Included is a standard-def 56-minute documentary from the first Blu-ray, “Making the Connection: The Untold Stories of the French Connection,” which features real detective Sonny Grosso talking about the case that the movie was based upon. Rounding out the DVD holdovers are a handful of deleted scenes with intro by Friedkin–nothing special, and the outtakes are in even worse shape than the movie.
Gone is the brief intro by Friedkin defending the new color timing, and the 13-minute featurette on “Color Timing The French Connection,” where he walks viewers through the process of how he changed the film to match his original vision. Now, of course, one has to wonder whether the vision was a whim back in 2009.
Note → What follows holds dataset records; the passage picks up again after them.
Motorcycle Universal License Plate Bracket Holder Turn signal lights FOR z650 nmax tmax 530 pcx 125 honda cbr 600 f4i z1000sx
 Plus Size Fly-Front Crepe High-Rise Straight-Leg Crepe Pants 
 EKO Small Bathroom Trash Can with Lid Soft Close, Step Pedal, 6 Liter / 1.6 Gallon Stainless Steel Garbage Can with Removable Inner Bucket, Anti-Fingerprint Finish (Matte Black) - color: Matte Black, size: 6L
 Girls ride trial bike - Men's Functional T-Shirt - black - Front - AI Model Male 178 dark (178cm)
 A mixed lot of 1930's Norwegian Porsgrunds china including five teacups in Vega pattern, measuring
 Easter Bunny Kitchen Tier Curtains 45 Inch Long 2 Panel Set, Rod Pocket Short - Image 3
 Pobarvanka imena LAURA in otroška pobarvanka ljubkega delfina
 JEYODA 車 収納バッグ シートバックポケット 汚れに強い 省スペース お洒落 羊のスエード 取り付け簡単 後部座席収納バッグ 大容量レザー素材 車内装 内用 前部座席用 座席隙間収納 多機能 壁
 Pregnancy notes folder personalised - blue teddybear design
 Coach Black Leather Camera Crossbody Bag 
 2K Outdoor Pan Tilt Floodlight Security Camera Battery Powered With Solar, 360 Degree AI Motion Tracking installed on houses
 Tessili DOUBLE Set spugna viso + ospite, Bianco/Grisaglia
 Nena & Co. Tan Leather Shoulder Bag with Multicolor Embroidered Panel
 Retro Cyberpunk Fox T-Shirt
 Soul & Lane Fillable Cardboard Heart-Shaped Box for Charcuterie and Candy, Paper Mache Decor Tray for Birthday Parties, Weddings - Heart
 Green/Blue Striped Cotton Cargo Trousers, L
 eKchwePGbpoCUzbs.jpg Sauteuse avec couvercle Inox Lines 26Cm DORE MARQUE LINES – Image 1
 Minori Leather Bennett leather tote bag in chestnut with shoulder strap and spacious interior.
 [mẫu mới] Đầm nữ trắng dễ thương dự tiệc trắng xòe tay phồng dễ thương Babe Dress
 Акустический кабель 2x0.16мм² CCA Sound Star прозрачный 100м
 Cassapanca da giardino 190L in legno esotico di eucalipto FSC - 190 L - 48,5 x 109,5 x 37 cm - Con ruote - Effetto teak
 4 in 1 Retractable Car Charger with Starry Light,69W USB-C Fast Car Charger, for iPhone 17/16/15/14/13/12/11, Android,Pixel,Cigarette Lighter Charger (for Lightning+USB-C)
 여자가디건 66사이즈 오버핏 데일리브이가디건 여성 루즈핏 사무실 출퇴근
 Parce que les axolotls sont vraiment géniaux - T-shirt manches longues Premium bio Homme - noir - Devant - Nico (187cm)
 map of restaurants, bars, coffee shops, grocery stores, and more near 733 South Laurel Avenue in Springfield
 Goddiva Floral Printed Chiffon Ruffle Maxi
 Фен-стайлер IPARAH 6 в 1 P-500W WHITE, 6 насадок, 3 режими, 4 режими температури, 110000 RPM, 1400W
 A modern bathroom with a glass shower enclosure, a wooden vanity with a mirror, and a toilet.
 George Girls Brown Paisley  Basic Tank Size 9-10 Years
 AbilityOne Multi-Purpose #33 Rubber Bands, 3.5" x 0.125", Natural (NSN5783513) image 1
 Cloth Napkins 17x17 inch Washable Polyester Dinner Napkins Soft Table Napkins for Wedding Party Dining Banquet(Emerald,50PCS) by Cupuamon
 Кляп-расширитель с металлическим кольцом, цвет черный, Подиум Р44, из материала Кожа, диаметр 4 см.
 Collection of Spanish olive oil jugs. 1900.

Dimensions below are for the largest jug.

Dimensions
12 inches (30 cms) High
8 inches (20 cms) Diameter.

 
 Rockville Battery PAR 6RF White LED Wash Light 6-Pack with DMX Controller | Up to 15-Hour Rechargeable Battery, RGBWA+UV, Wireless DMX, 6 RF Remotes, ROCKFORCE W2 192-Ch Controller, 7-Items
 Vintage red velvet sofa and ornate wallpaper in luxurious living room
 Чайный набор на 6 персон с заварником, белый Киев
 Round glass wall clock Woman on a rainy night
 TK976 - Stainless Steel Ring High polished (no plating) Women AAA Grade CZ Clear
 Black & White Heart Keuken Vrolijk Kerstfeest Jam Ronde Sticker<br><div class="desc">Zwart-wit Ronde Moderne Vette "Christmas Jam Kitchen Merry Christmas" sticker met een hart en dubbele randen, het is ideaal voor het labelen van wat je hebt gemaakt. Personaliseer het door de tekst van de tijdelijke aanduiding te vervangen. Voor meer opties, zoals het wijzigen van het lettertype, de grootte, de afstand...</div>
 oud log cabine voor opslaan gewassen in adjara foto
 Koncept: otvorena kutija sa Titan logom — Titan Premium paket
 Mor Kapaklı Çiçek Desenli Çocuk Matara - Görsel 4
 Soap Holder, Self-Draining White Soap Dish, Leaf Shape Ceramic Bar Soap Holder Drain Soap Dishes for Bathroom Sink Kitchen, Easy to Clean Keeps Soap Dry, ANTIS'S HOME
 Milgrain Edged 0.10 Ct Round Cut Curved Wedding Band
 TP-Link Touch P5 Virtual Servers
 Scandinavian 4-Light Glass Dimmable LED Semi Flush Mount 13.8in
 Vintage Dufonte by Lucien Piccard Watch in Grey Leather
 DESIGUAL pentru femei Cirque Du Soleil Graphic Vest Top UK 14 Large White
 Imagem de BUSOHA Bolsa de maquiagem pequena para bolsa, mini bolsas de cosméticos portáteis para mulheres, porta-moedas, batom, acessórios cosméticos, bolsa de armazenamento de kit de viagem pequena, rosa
Two music-related features are also included: the isolated score by Don Ellis, and “Cop Jazz,” a 10-minute feature on the composer’s score. As far as I’m concerned, the best features are a 20-minute conversation that Friedkin has with Grosso (though it does overlap some with the feature) and “Anatomy of a Chase,” another 20-minute job that has Friedkin and producer Phil D’Antoni retracing the chase scene and talking about how they storyboarded it meticulously and shot it in real traffic.
The “signature” bonus feature in this series is a full-color 26-page booklet with photos, basic information, and essays on the director, Hackman, Scheider, and Fernando Rey.
Bottom Line:
If you have the DVD or first Blu-ray of “The French Connection” and want the best copy available, it’s here now in the Filmmakers Signature Series. The picture quality is much improved.